Portanto, a ansiedade da existência é mais do que um medo da morte no sentido de extinção biológica; é o horror mais profundo de perder, com o falecimento da existência, o ponto de apoio na parceria do ser que experimentamos como nosso enquanto a existência dura. Na existência, desempenhamos nosso papel no drama maior do ser divino que entra na existência passageira a fim de redimir o ser precário para a eternidade.
De Símbolos Compactos a Símbolos Diferenciados
A terceira característica típica do processo de simbolização é a tentativa de tornar a ordem essencialmente incognoscível do ser em inteligível, tanto quanto possível, por meio da criação de símbolos que interpretam o desconhecido por analogia com o realmente, ou supostamente, conhecido.
Essas tentativas têm uma história na medida em que a análise reflexiva, respondendo à pressão da experiência, tornará os símbolos cada vez mais adequados à sua tarefa. Blocos compactos do conhecível serão diferenciados em suas partes componentes, e o próprio conhecível será gradualmente distinguido do essencialmente incognoscível. Assim, a história da simbolização é uma progressão de experiências e símbolos compactos para diferenciados.
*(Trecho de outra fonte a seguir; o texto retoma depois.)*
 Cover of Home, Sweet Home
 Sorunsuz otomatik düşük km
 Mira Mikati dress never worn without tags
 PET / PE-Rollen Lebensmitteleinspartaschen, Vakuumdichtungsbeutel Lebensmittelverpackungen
Como esse processo é o assunto de todo o estudo subsequente, no momento mencionaremos apenas duas formas básicas de simbolização que caracterizam grandes períodos da história. Uma é a simbolização da sociedade e sua ordem como um análogo do cosmos e sua ordem; a outra é a simbolização da ordem social por analogia com a ordem de uma existência humana que está bem sintonizada com o ser.
O Microcosmo e o Marcoantropos
Sob a primeira forma, a sociedade será simbolizada como um microcosmo; sob a segunda forma, como um macroantropos. A primeira forma mencionada é também a primeira em termos cronológicos. O porquê disso dificilmente requer explicações elaboradas, pois a terra e o céu são tão impressionantemente a ordem abrangente na qual a existência humana deve se encaixar, se quiser sobreviver, que o parceiro esmagadoramente poderoso e visível na comunidade do ser inevitavelmente sugere sua ordem como o modelo de toda ordem, incluindo a do homem e da sociedade.
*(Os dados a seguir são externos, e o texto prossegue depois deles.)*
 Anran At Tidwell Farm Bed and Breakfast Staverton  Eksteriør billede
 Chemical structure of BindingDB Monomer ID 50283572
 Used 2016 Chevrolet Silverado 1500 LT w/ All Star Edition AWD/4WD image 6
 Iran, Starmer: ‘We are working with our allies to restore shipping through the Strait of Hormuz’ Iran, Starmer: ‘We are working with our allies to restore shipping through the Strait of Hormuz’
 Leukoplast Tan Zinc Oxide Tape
De qualquer modo, as civilizações do antigo Oriente Próximo que serão tratadas na parte 1 deste estudo simbolizavam a sociedade politicamente organizada como um análogo cósmico, como um cosmion, permitindo que os ritmos vegetativos e as revoluções celestiais funcionassem como modelos para a ordem estrutural e processual da sociedade.
O segundo símbolo ou forma — a sociedade como macroantropos — tende a aparecer quando os impérios cosmologicamente simbolizados se desintegram e, em seu desastre, traga a confiança na ordem cósmica. A sociedade, a despeito de sua integração ritual à ordem cósmica, se desintegrou; se o cosmo não é a fonte de ordem duradoura na existência humana, onde se encontra a fonte da ordem?
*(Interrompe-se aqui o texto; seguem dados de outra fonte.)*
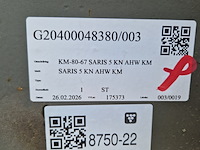 Aanhangwagen, saris , 5kn - afbeelding 32 van  38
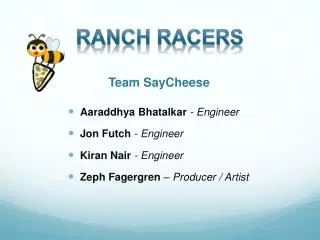 Ranch Racers
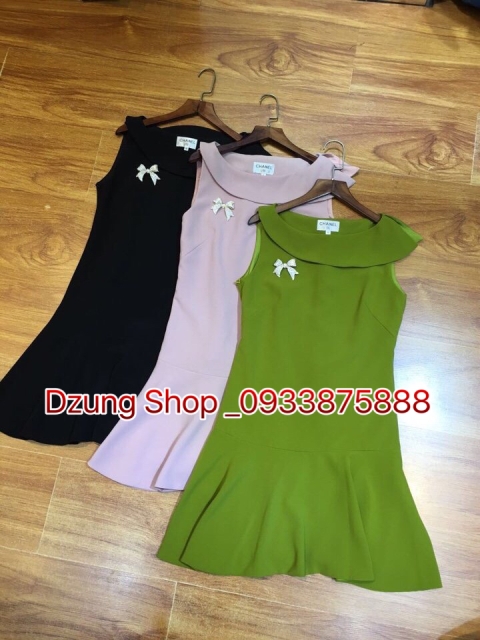 BST VÁY T5 SIÊU HOT HIT HÈ 2017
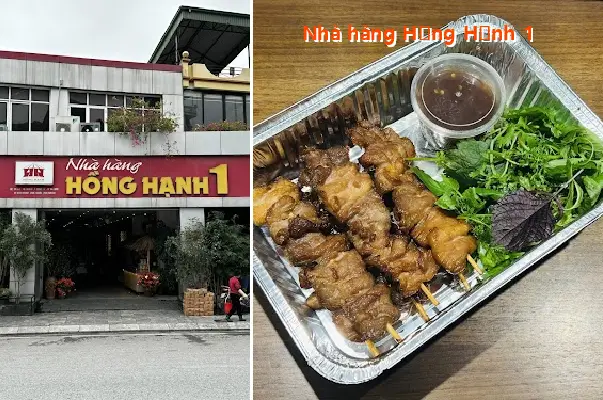 Hong Hanh 1 Restaurant
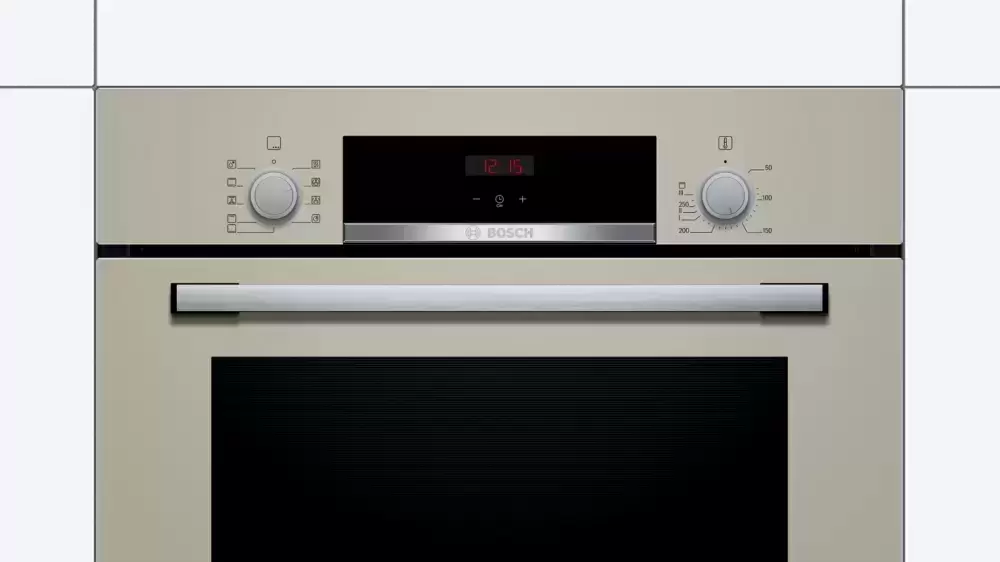 Встраиваемый духовой шкаф BOSCH HBF534EF0R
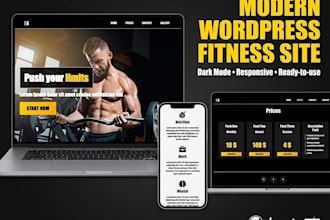 turning your vision into a stunning website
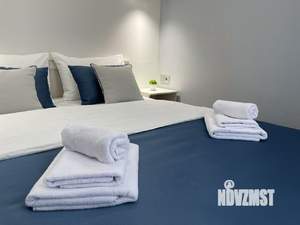 Студия квартира, посуточно, 34м2, 2/3 этаж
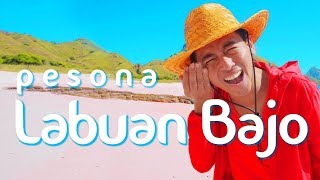 Siapa Sangka?! Laut Di Labuan Bajo Ternyata Seperti Ini!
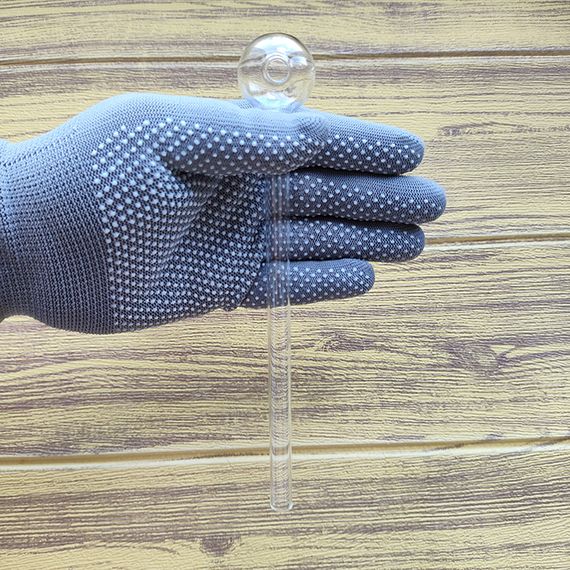 Стеклянная трубка Extra Oil Clear | Зображення 2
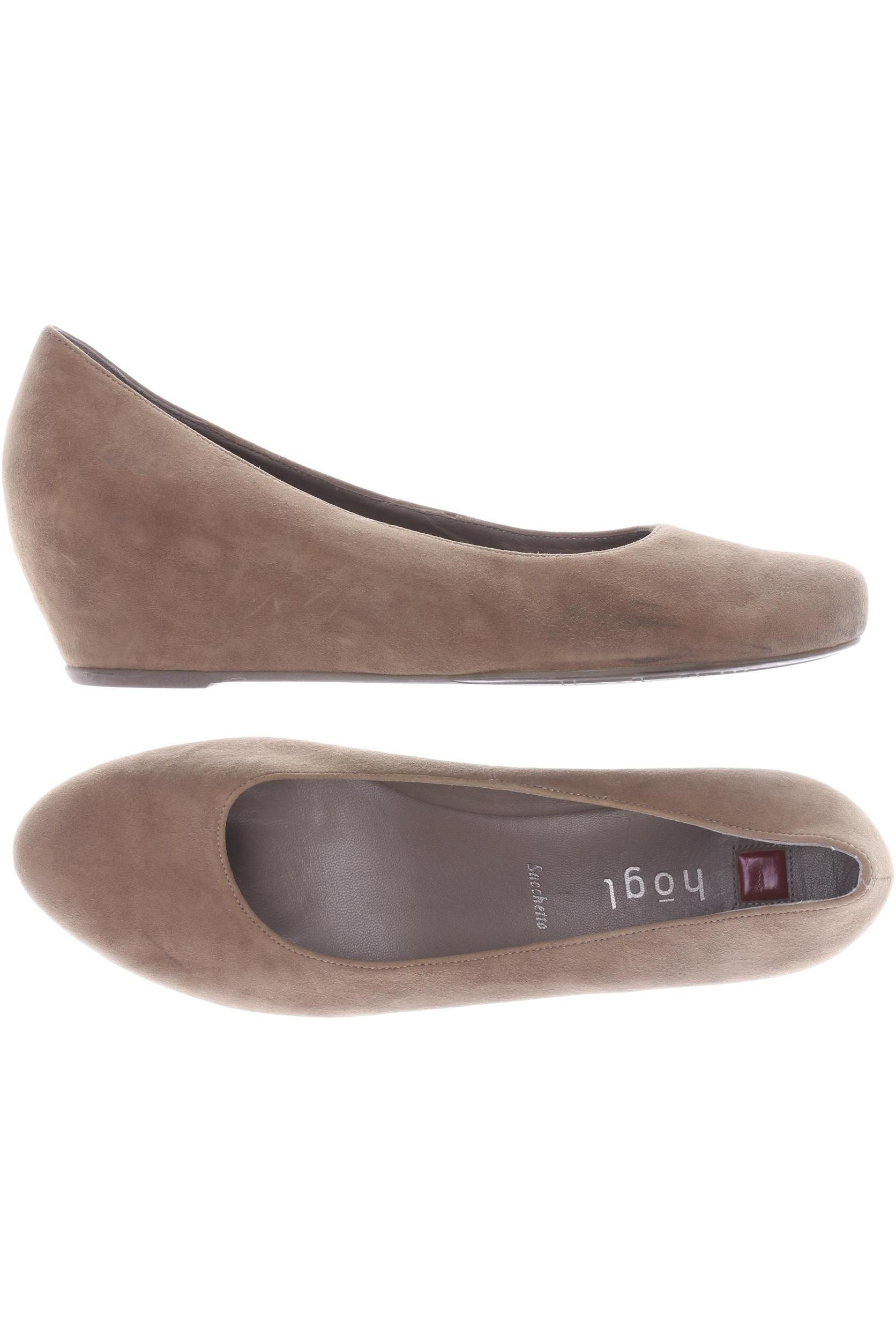 

högl Damen Pumps, beige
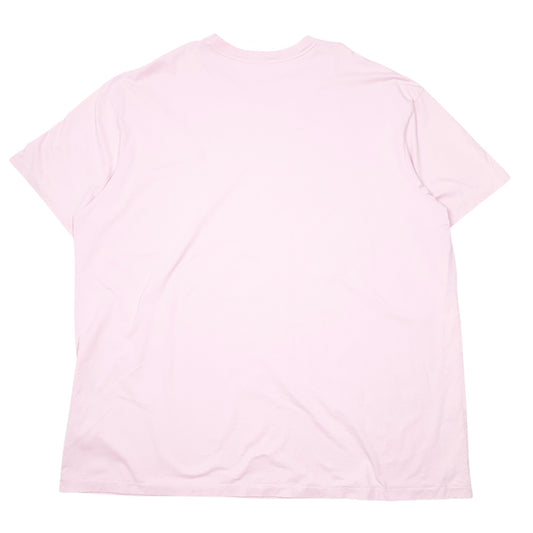 Mens Pink Polo Ralph Lauren  Short Sleeve T Shirt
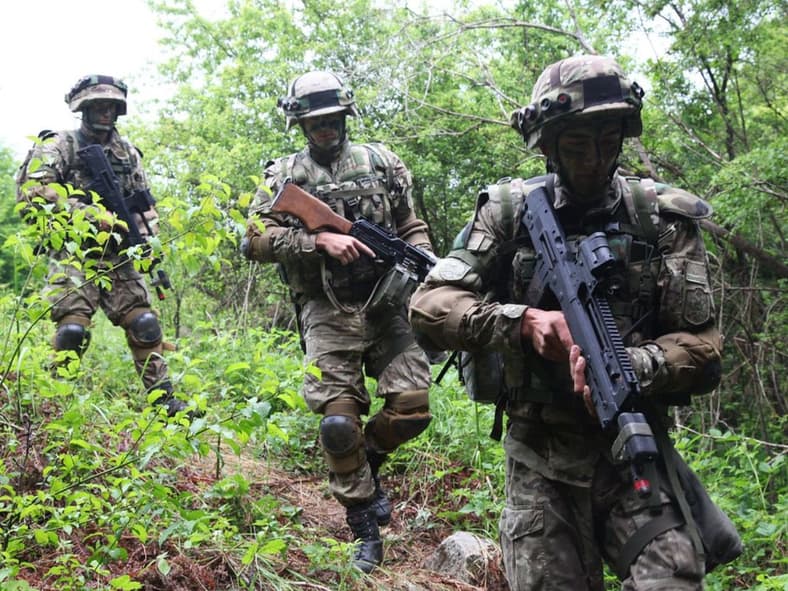 Military Ambush Google Commons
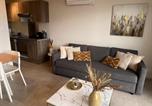 Location vacances Corse - T2 calme avec vue mer et borne de recharge sur demande-4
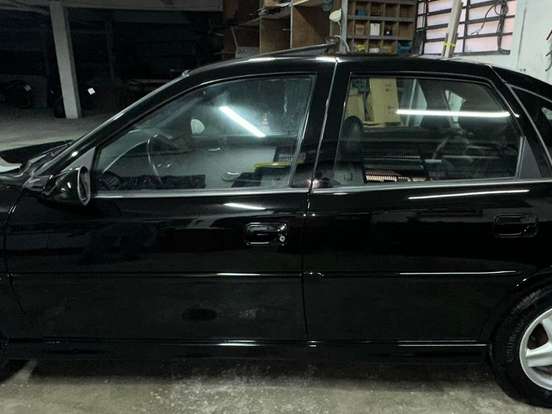 CHEVROLET-VECTRA-2.2 MPFI CD 16V GASOLINA 4P AUTOMÁTICO CHEVROLET-VECTRA-2000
A Alma como Modelo de Ordem
Nesse momento, a simbolização tende a se voltar para o que é mais duradouro do que o mundo visivelmente existente, ou seja, para o ser invisivelmente existente que está além de todo ser em existência tangível. Esse ser divino invisível, que transcende todo o ser no mundo e do próprio mundo, pode ser experimentado apenas como um movimento na alma do homem; e, portanto, a alma, quando ordenada pela sintonia com o deus invisível, torna-se o modelo de ordem que fornecerá símbolos para ordenar a sociedade analogicamente à sua imagem.
A mudança para a simbolização macroantrópica se manifesta na diferenciação da filosofia e da religião das formas anteriores e mais compactas de simbolização, e pode ser observada empiricamente, de fato, como uma ocorrência na fase da história que Toynbee classificou como o Tempo das Perturbações.
No Egito, o colapso social entre o Reino Antigo e o Reino Médio testemunhou o surgimento da religiosidade de Osíris. Na desintegração feudal da China, surgiram as escolas filosóficas, especialmente as de Lao-Tsé e Confúcio. O período de guerra antes da fundação do império Maurya foi marcado pelo surgimento do Buda e do jainismo. Quando o mundo da polis helênica se desintegrou, surgiram os filósofos, e os problemas posteriores do mundo helênico foram marcados pelo surgimento do cristianismo.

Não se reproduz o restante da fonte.